Hello everyone and welcome to this week’s video.
This week is a sad one for our diocesan family. Our much-loved Dean, Michael Tavinor, is retiring after 18 years in post. Michael leaves the cathedral in a very good place at the heart of our diocesan life. We will miss his hospitality, dry humour and wisdom. The wider community will miss it too, not just the church.
Ministering in one place for an extended period gives a unique access into people’s lives. After 11 years in a parish, I could look out over the congregation on a Sunday morning and realise there were very few where I hadn’t had the privilege of walking alongside through life’s joys and sorrows. Births, marriages, chronic sickness, divorces and deaths, some tragic and untimely. Ministry is an extraordinary privilege but it comes at an emotional cost. It sometimes involves giving a voice to those whose feelings threaten to overwhelm them. But, often it involves the recognition that the burden someone carries can’t be fixed and that what is required is strength to live with uncertainty and pain. By walking alongside someone, resisting the pull to provide a solution, we can give people the space to discover hope. If only Job’s comforters had managed that. After one week of holy silence, they descended into explanations. It all went downhill from there.

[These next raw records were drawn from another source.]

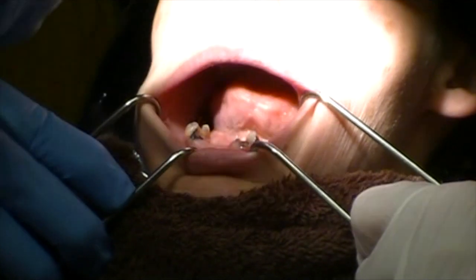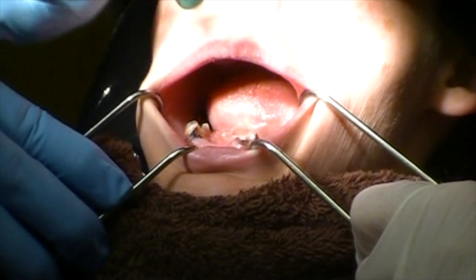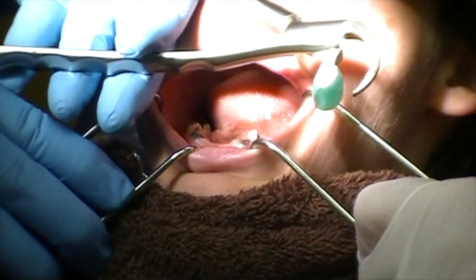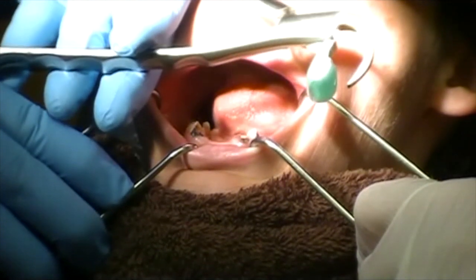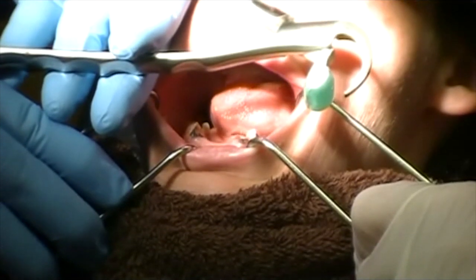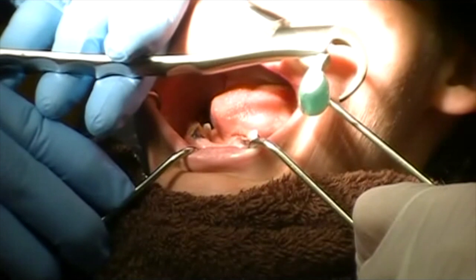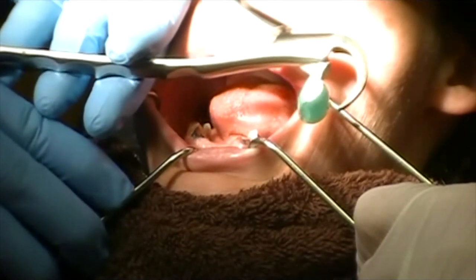For mandible extractions we have a universal physics force-up. Now in the molar area there is a third molar force-up that we can use, but the technique is the same. We're going to go ahead and flatten the lingual surface of the root four, five, six millimeters down, and keep the bumper as far down in the vestibule as possible to do atraumatic extractions.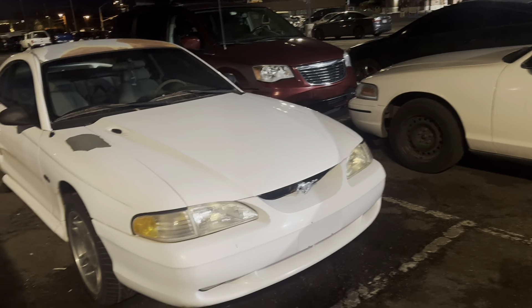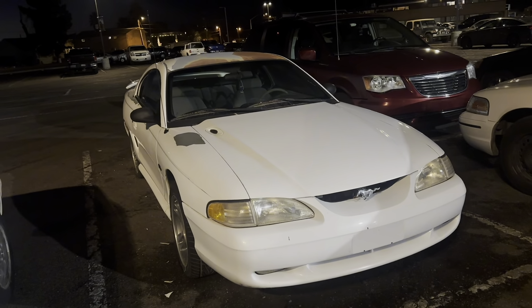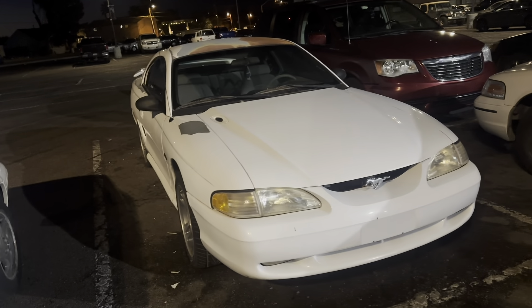Hey guys, it's Dom Tassion here, and today we are looking at the Ford Mustang that I recently bought. As you can see, the paint's wearing off and the engine is completely seized.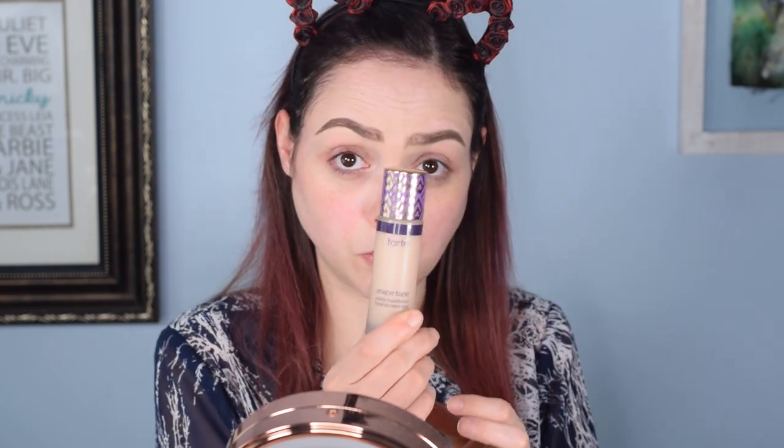I have it right here — this is the Shape Tape Matte Foundation and it comes with the same kind of wand, like a bigger sized wand for the Shape Tape concealer. So I think when I do my foundation, I'm just going to use that wand and see if it's buildable or not. I've got a ton of Pure products, so we're going to do a first impression featuring this particular foundation.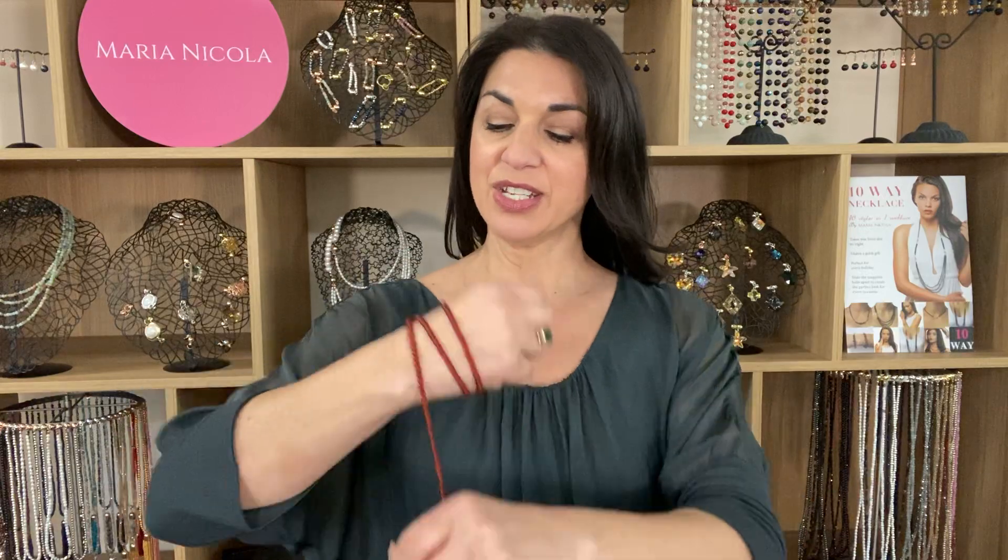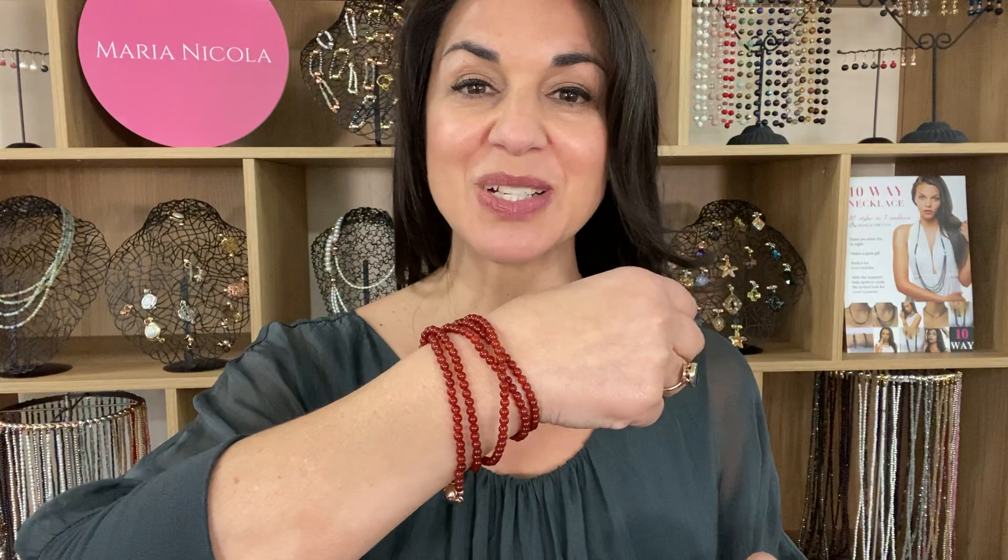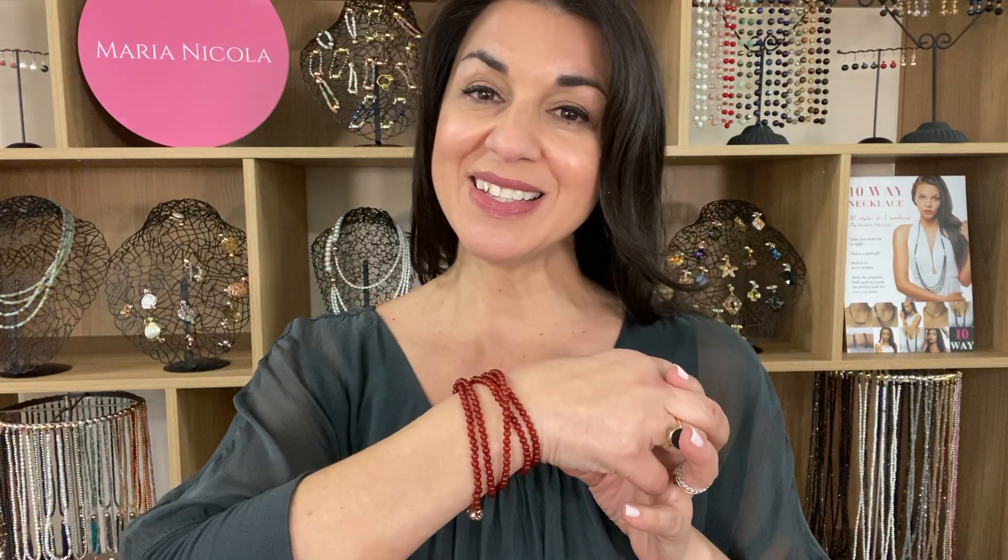You can also wear this as a multi-wrap bracelet. This can be worn on its own, or team it up with other pieces that look fantastic with it. So that is the My Way necklace in the red agate.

I came across some words by T.S. Elliot from his poem Choruses from the Rock the other day, which I thought speaks into this idea of giving and listening without having to fix everything, something our clergy do so well.

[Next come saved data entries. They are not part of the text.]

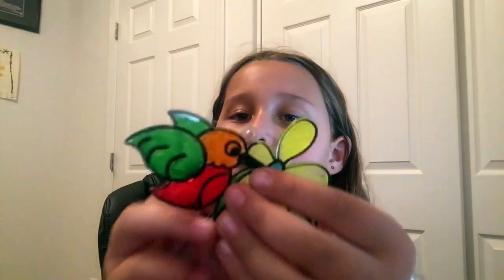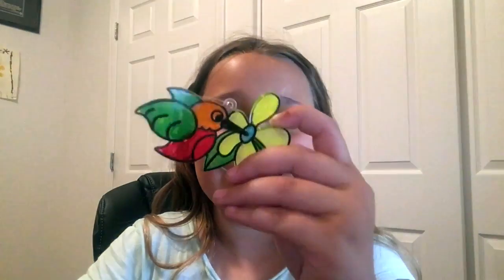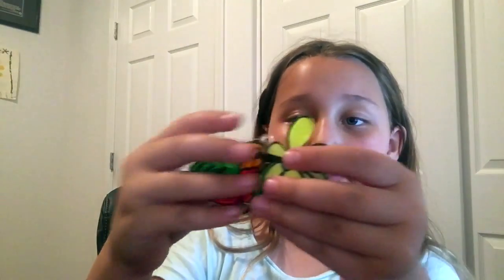Next one is this hummingbird. He has green wings, a red body, an orange head, and he's holding a flower. Inside the flower is blue.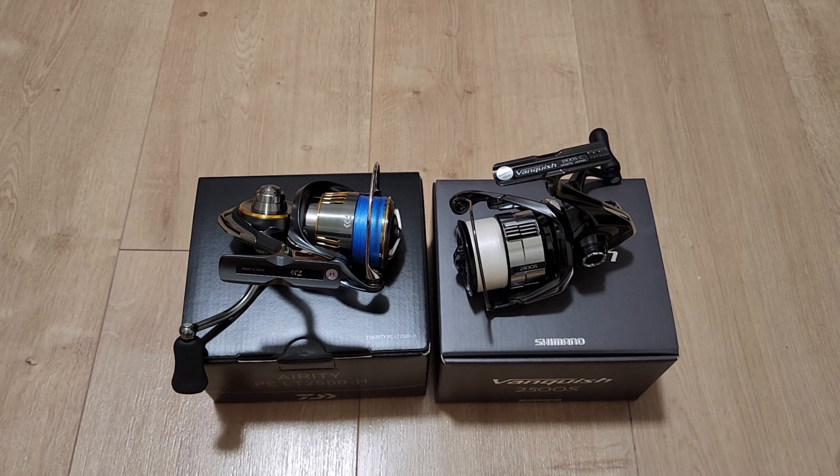Either of these two reels — you're not going to make a mistake, you're going to be happy and satisfied. The things I've mentioned should help lead you to which reel you purchase. Thank you very much for watching, and if you have any questions feel free to let me know in the comments. If I missed anything, let me know and I'll try to answer.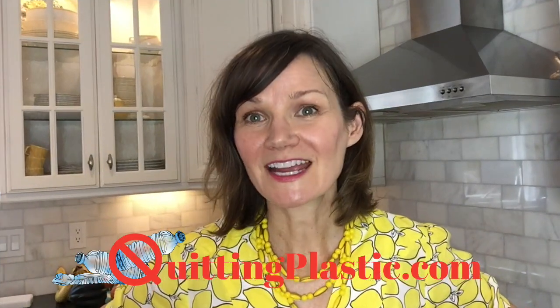Those are my 10 tips for today in the kitchen — I hope you enjoyed them and will try a few out. Visit me at quittingplastic.com, where I am cataloging my personal journey towards zero waste and plastic-free living. I hope you'll enjoy the other videos.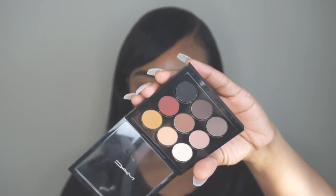Hey babe, welcome back to my channel! My first video of 2018 is this glitter glam makeup look that I did on New Year's Eve. I posted a selfie on Instagram and got a lot of good feedback from you guys, so I decided to create this tutorial for you all.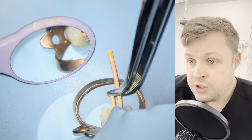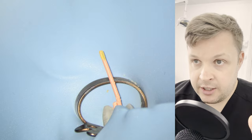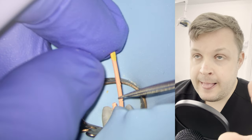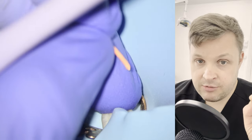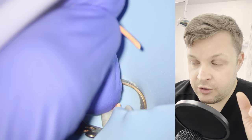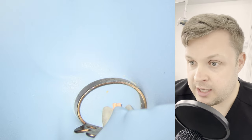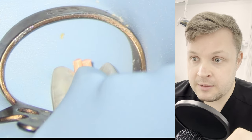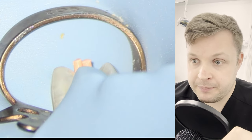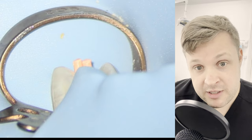So what I'm going to do now is take a comfort radiograph — we're going to get the GP points in position and take an x-ray. Another indication that the canals join is that both GP points don't fit to length when they're in at the same time. And in this case they do both fit, so I'm not convinced they are joined.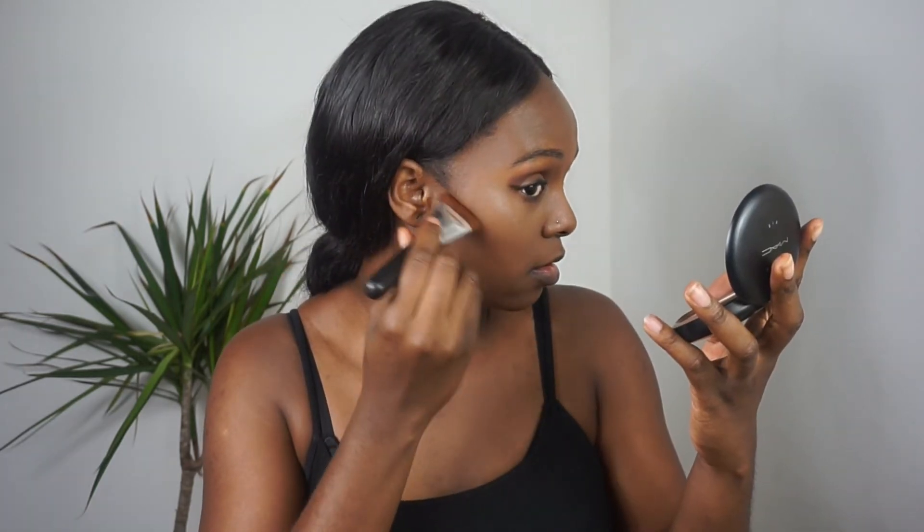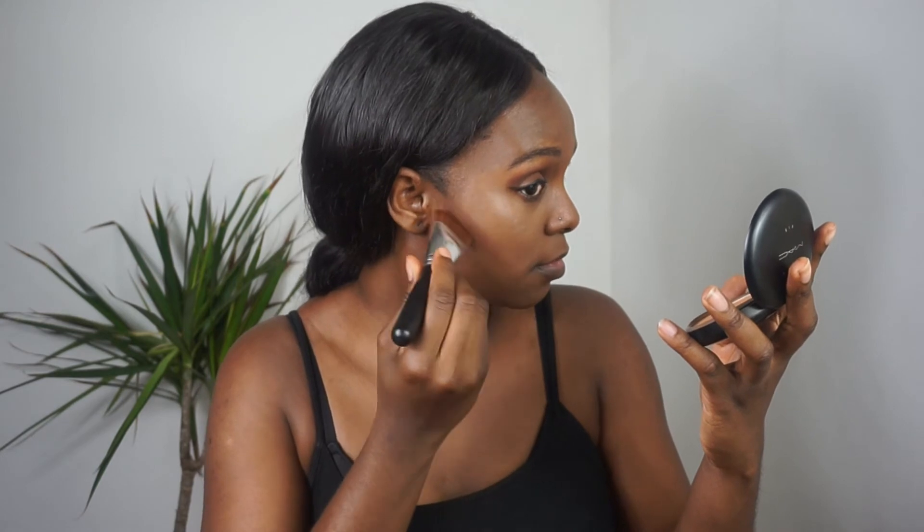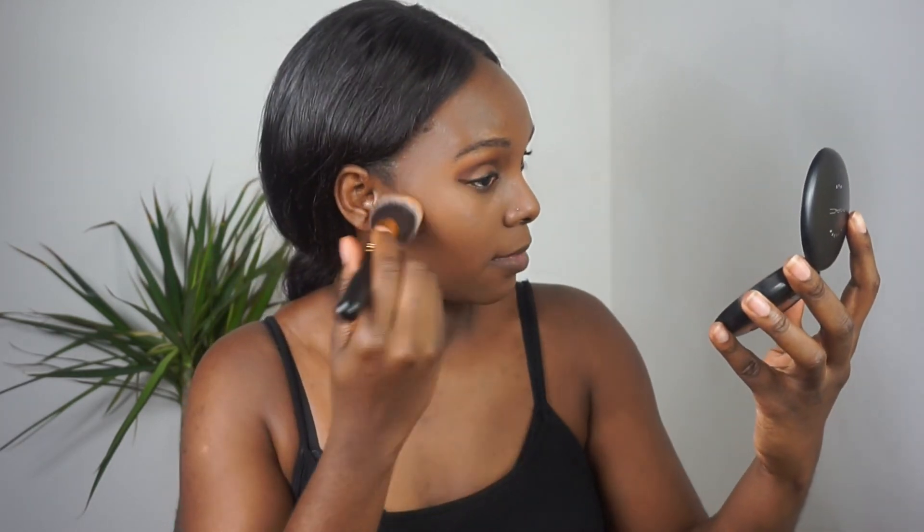The next thing I'm going to do is use this contour shade to contour my cheeks. After that, I normally put some powder on. I'm going to use my matte powder and I'm using this really fluffy new brush I bought from BH Cosmetics — the 124. This feels super nice! I just like to set my entire face with powder.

The lot of man is ceaseless labour,
Or ceaseless idleness, which is still harder,
Or irregular labour, which is not pleasant.

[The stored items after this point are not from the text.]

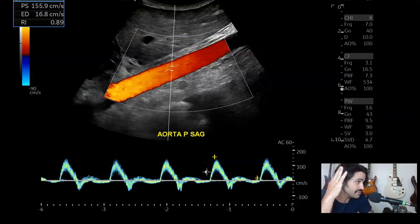Especially if you have a patient that has tachycardia, their heartbeat is going to be much closer together. This is the auto-measure feature — 156 centimeters per second was the peak systolic velocity. It's got a nice clean waveform.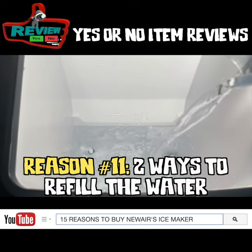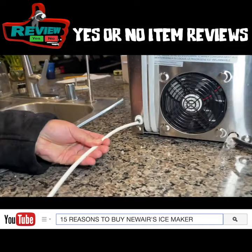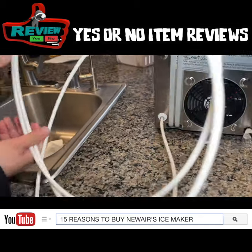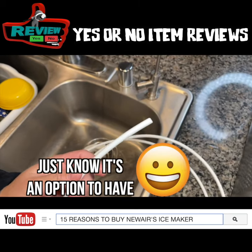If you want to refill the water again, there are two ways to do it. You could do it the same way I showed you earlier, or you can hook up one end of the provided water tube to the back of the ice maker, just pushing it in right there and hooking up the other end to a water line. Unfortunately, we do not have access to another water line right now, but just know that it is an option.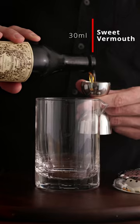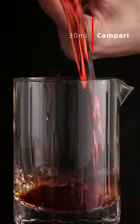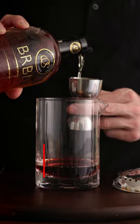Today is the Boulevardier. So let's just get stirring. First thing we're going to need is 30 ml of a sweet vermouth, 30 ml Campari, then 40 ml of a bourbon or rye.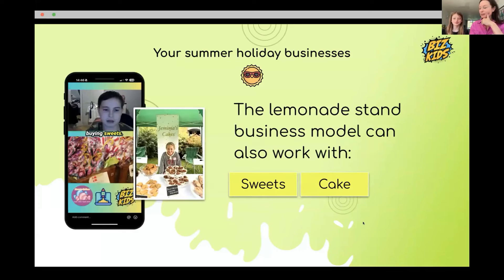This same business model can also work with cakes and sweets. Who can see themselves making lemonade, sweets, or cakes? Everyone can. So you've got to think which business model you prefer — clay beads, lemonade stand, or cake stand.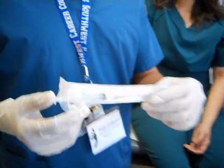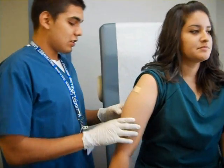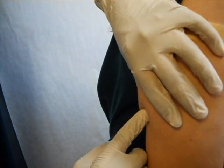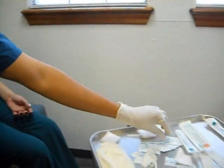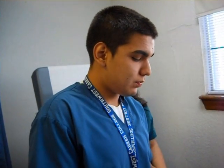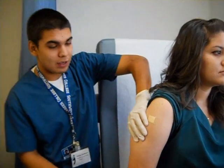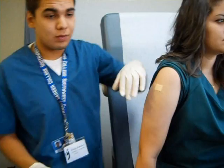This is your subcutaneous needle — the five-eighths inch. This injection occurs in the subcutaneous tissue and you want to get this area at a certain angle. Once again, get your alcohol wipes and wipe down the area. Be sure to let the alcohol dry so that no alcohol enters the system.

I have trodden the winepress alone, and I know
That it is hard to be really useful, resigning
The things that men count for happiness, seeking
The good deeds that lead to obscurity, accepting
With equal face those that bring ignominy,
The applause of all or the love of none.
All men are ready to invest their money
But most expect dividends.
I say to you; Make perfect your will.
I say: take no thought of the harvest,
But only of proper sowing.
This model of care is something we all need to reflect on as we pass the grim milestone of 100,000 COVID deaths this week. Most of us will know someone who has been affected. Some will be carrying the grief of loss ourselves, or know someone who is. Understanding what love looks like in these circumstances is really important. One of the things grieving people often struggle with is the withdrawal of friends, either because they don’t know what to say or because they’re afraid of saying the wrong thing. It can become especially difficult 6 months or so into the bereavement journey, where the sense of having to be brave and not a burden kicks in. Even though the pain is still raw, they feel that everyone else has moved on. Caring will, I think, look like relentlessly available listening for as long as its needed, rather than speaking too much. It will look like freely offered practical help. It will look like an empathic sharing in another’s sorrow and thus make that sorrow just a little bit easier to bear. As Paul said to the Galatian Church, “carry each other’s burdens, and in this way, you will fulfil the law of Christ.”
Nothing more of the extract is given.